# it's the driver, stupid!



## blackdawg (Jan 4, 2002)

that's my mantra to myself.

i was just at gateway raceway this weekend watching a BMWCCA club race as well as some SCCA action. my instructor from my previous driver's school was racing in the ITA class (lowest class, lightest and smallest engine'd): this is mainly CRXs, first gen. RX7s, miatas. 
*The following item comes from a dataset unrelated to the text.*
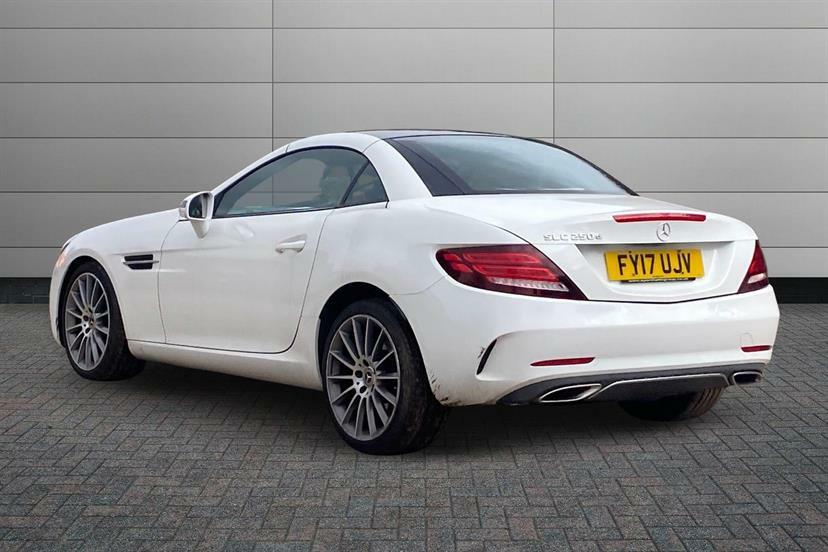 Mercedes-Benz SLC Slc250d Amg Line Convertible FY17UJV White #2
he won his race. his fastest time in a car with about 120HP on the road course is about a 1:15 flat. when i watched the BMWCCA race, the fastest 2 cars were an e30M3 highly prepped (time--> 1:10) and an e36m3 (time--> 1:15). imagine the times he could rip in those higher powered RWD's?

well, i can.

he took my car, on its crappy kumho ecstas (very, very greasy on the track) and ran 1:13s. his first 2 laps in the car. 

so, mostly, it's always the driver, stupid! (to me); but our cars are so capable most of us will never truly know. i doubt i could run a 1:20 on street tires.


----------



## Guest (Apr 1, 2002)

blackdawg said:


> *that's my mantra to myself.
> 
> i was just at gateway raceway this weekend watching a BMWCCA club race as well as some SCCA action. my instructor from my previous driver's school was racing in the ITA class (lowest class, lightest and smallest engine'd): this is mainly CRXs, first gen. RX7s, miatas.
> 
> ...


So true. And it illustrates the foolishness of most performance mods on cars driven by all but the very best track experienced drivers. A typical driving school instructor or A group student will get around the track faster in an E30 318is (135 hp) than any of us will in an E46 M3 (333 HP). Guaranteed.

I encourage anyone who thinks that they're a great driver to go to a CCA drivers school to learn just how piss-poor of a driver you really are. Academically, I knew I had a lot to learn but going to school made me aware of just how much I have yet to learn.


----------



## in_d_haus (Jan 2, 2002)

yup, it's all true.


----------